18.10.2025 – 15.02.2026

Vitra Design Museum

They last barely fifteen minutes, yet their images circle the globe: fashion shows are media spectacles, social rituals, and cultural statements all at once. With »Catwalk: The Art of the Fashion Show«, opening on 18 October, the Vitra Design Museum presents a major exhibition dedicated to the phenomenon of the fashion show. Tracing its evolution from its beginnings around 1900 to the present day, the exhibition explores the history and cultural significance of the runway and brings together landmark examples from fashion houses such as Balenciaga, Chanel, Dior, Gucci, Helmut Lang, Martin Margiela, Prada, Viktor & Rolf, Louis Vuitton, Yohji Yamamoto, and others. 

The presentation of new collections began in the salons of fashion ateliers in the early 20th century, often in private settings, but also aboard ocean liners or at social events such as horse races.
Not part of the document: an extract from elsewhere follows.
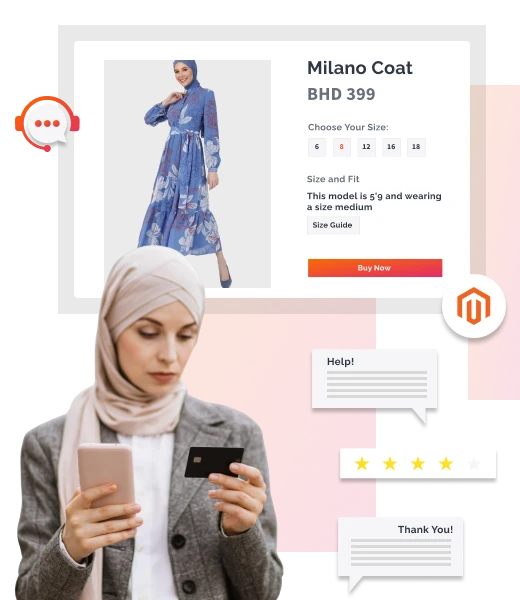 Improving eCommerce experience through robust Magento expertise (1)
These early showings evolved into a clearly structured ritual, with fixed fashion week schedules, inter-seasonal Cruise Collections, and a global fashion calendar. From the 1960s onward, fashion shows increasingly became a stage for subculture and social transformation. Paco Rabanne envisioned a futuristic aesthetic, Mary Quant celebrated youthful freedom, and Vivienne Westwood brought punk to the catwalk. 

In the so-called supermodel era of the 1990s, fashion shows became global spectacles, while designers like Martin Margiela subverted the system by challenging established aesthetics. Since then, art and commerce in fashion have continued to reinforce each other in increasingly diverse ways. Today, every fashion show generates a flood of images across social media, whether through strong statements, as seen at Balenciaga, innovative spatial concepts by OMA for Prada, or visually powerful stagings such as Jacquemus’ runway in a lavender field.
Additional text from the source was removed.